Hacker News new | comments | ask | show | jobs | submit login
Ask HN: What do you do when your website seems to be penalised by Google?
41 points by mmavnn on Jan 12, 2015 | hide | past | web | favorite | 20 comments
I have a personal blog (mostly dev related); it's been going for a while. On a couple of specialist subjects (F# type providers being the main example) some of the posts are reasonably popular and linked to by many other people. Although it's a small site, on these subjects it tends to show up in the first page on Bing, Duck Duck Go, etc for searches like "Type provider tutorial" and right at the top if you use a specific phrase (like the title of my most popular post, "Type Providers from the Ground Up".

Google hates it. Basically, however specific the query, my blog never turns up unless you actually put the base url into your query. Ironically, plenty of spam sites' copies of the posts appear quite high in the search results.

What do you do in these types of situations? I've done no SEO beyond writing content, so I'm pretty sure I've used no "black hat" techniques. I've no ads, no duplicate content. Google webmaster tools claims the site is not blacklisted and that there is nothing wrong with it.

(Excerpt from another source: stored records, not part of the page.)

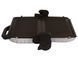 Гриль Tefal Minute Grill GC205012 435508 фото 6
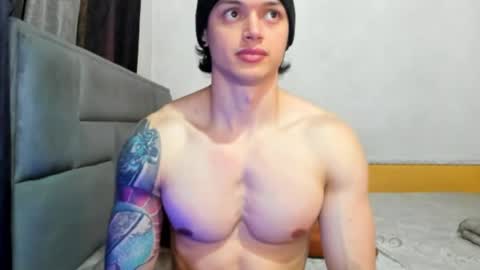 Snapshot of dick_demon_1 chatting on 04-08-26, 08:42 jhon online show from 04-08-26, 08:42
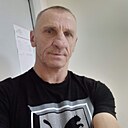 Геннадий, 62 года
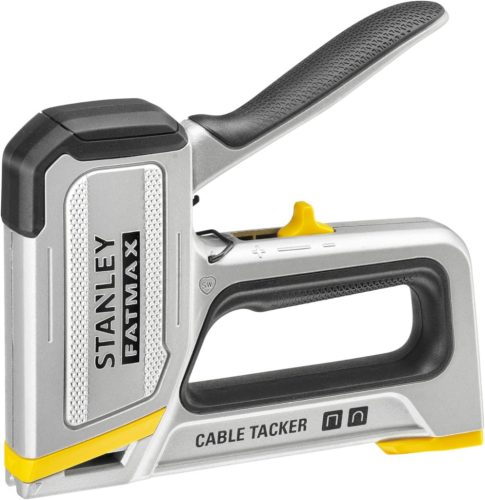 TŰZŐGÉP KÁBELHEZ FATMAX 2:1 STANLEY FMHT70100-0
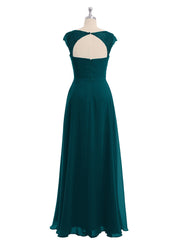 Vert Pin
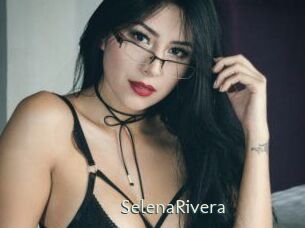 SelenaRivera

It feels wrong and possibly pointless to start again several years down the line with a new url just because Google doesn't seem to like the current one; but on the other hand, the lack of organic search results will always be a limit on the readership. For a personal blog this is irritating and disappointing - if I was freelance or this was my company blog, it would be a real and immediate financial hit.

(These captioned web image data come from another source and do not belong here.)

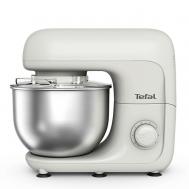 Кухонная машина Bake Essential QB160138 Tefal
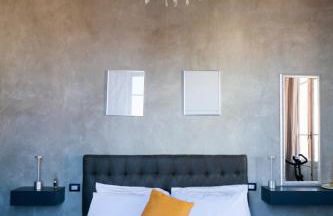 La Venere Suite - Foto 60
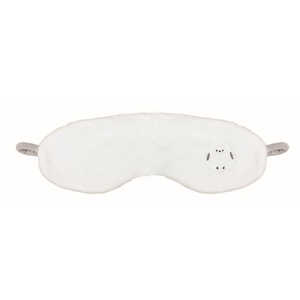 ほんやら堂 耳ぽかアイピロー シマエナガ ほんやら堂 耳ぽかアイピロー シマエナガ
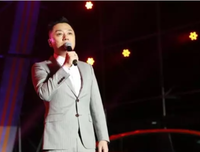 最全的《切歌之王》好段摘抄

Thoughts or advice for people facing this situation?

This is a hard thing to debug from outside the Googleplex, but you are currently serving a canonical tag:

<link rel="canonical" href="http://blog.mavnn.co.uk/type-providers-from-the-ground-up">

for a URL which cannot possibly return an HTTP 200. (It 301s to a URL with a / on the end.)

This combination could cause Google to conclude that you have no page which requires inclusion in their main index.

Interesting; that's autogenerated by Octopress (or Jakyll). I'd never noticed it's missing the '/'.

Known Octopress issue, apparently: http://hackingoff.com/blog/octopress-default-seo-flaws/

Thanks, patio11

Is it irony or something else that a system of supposed vast computing power and learning (and certain real world power via its distribution of search riches) is broken by a tiny thing like this fix for a missing slash ?

URLs are really, really, really, really hard to get right on a large scale. For a side project I've written my own crawler/indexer and I try to do deduplication where possible, and the reality is that:

can serve entirely different content from

depending on the server (and application) configuration.

Pretty much the only way to 100% reliably deduplicate URLs is to look at their content, and somehow magically compare content that can change from page load to page load -- which is a whole other problem.

Exactly. It's so difficult to get URLs "right", and that's quite non-obvious until you do something like writing a crawler.

Another example is whether foo.com/bar is the same as foo.com/BAR. Usually yes, but it's entirely possible that they will serve different content.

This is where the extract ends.